The world is hardly a better place than it was when Edward R. Murrow urged people to share their beliefs, to shore one another up, in a sense, with what made sense of their lives. Winter is nearer these days, the world an even more cold and heartless place, people killing one another for reasons that seem unfathomable. The creature comforts which seem to many of us basic, things to which we are entitled, are unknown to many people in the world who live in desperate fear and deprivation.
And yet, and yet.
I am in my 70’s and my body is falling apart. I like to say from the neck up, I’m still a young woman, but it is increasingly hard to ignore pain and disability. I remember what seems only a few years ago when I walked everywhere. Now, to get through a museum, I need a wheelchair and someone to push it. Once I marched and demonstrated; now I sign petitions. When I was 22, having worked for 2 years after college, saving every penny, I fulfilled a dream and went to Europe. This was 1952, when the war had not yet receded into memory. I hitchhiked through France and Italy, I stayed in youth hostels, in fields. In London, I stayed with new friends in a freezing flat where we had to feed the gas fire hourly. I saw some of the ravages of the war, met people my age who had suffered terribly while I had spent the war years in comfort and safety. I had a wonderful time, and more than 50 years later, I can remember every day, and what it was like to be adventurous.
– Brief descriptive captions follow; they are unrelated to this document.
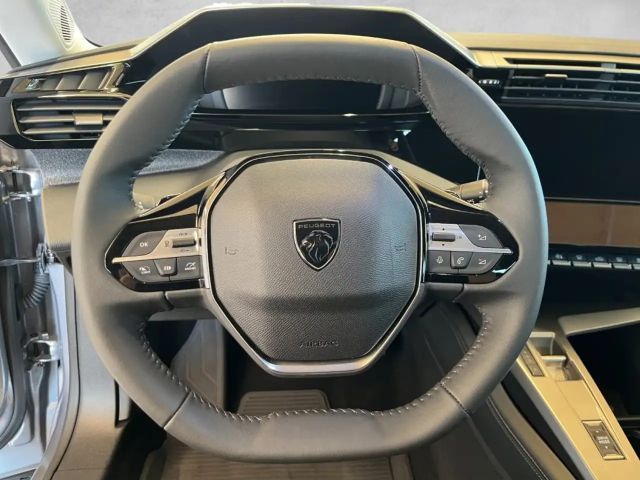 Peugeot 408 Allure Pack EAT8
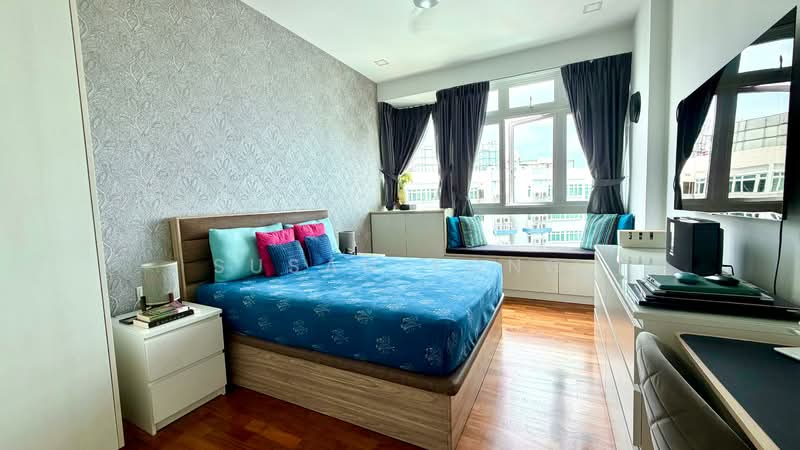 Costa Del Sol, 68 Bayshore Road, 3 Bedrooms, 1,938 sqft, Condominium For Sale, by Susan Yong, 500124781 - Bedroom - PropertyGuru.com.sg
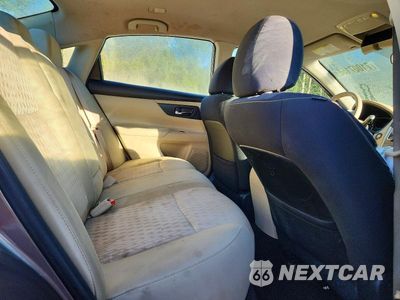 Zdjęcie 10 z 12 samochodu: 2016 NISSAN ALTIMA 2.5 S VIN:1N4AL3AP2GC267227 - miniatura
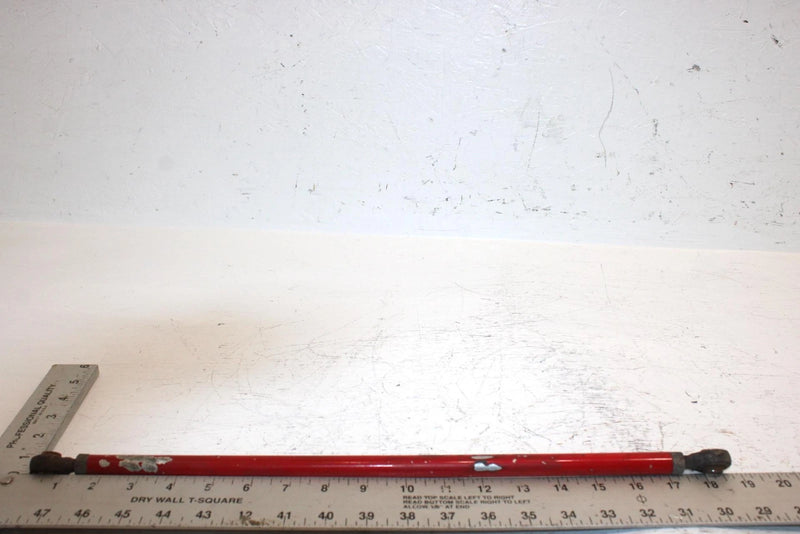 1989 Polaris 400 Oem Red Tie Rod 5332713 5332713-067 SP23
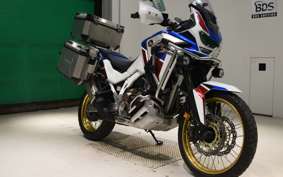 HONDA CRF1100L AFRICA TWIN 2021 SD10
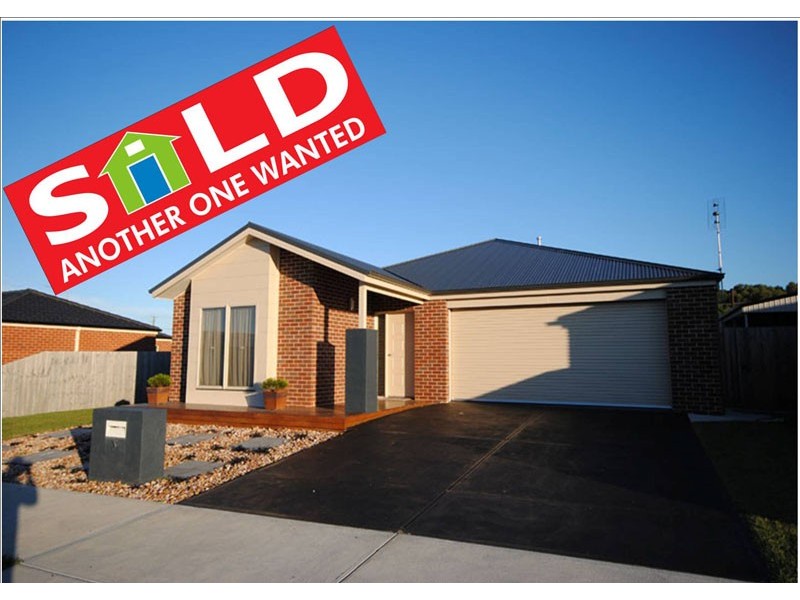 3 Coastal Court, Portland VIC 3305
And yet. And yet. I love my life. I had a fairly happy marriage for more than 40 years and I have had to learn to live as a widow, a word I hate! My children, who were the central figures of my life for so long, have grown up and moved on into their own lives.
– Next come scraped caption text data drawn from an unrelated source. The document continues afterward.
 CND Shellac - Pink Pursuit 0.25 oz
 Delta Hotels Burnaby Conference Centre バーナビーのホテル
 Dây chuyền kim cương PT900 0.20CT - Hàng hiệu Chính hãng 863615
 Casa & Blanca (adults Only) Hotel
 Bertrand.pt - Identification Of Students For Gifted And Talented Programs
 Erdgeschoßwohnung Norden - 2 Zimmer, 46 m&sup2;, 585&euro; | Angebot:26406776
I like to put clippings on my refrigerator door, and my favorite is a quote from Tennyson – “tho’ much is taken, much abides”. What abides? I can still read and listen to music; I still work, a few days a week, as a psychotherapist; I cherish my children, my grandchildren, my friends. I tell myself that doing the NY Times crossworld puzzle is not frivolous but keeps my mind working. I never thought I would learn to use a computer, but I love my computer and have several cyber-friends, the modern equivalent of pen-pals. Despite the aches and pains, I feel my life is rich, with all the things I pull around myself as cloaks, keeping warm in the face of the cruelties of the world and the constraints of aging. These are more than beliefs, they are sustenance, And I am grateful.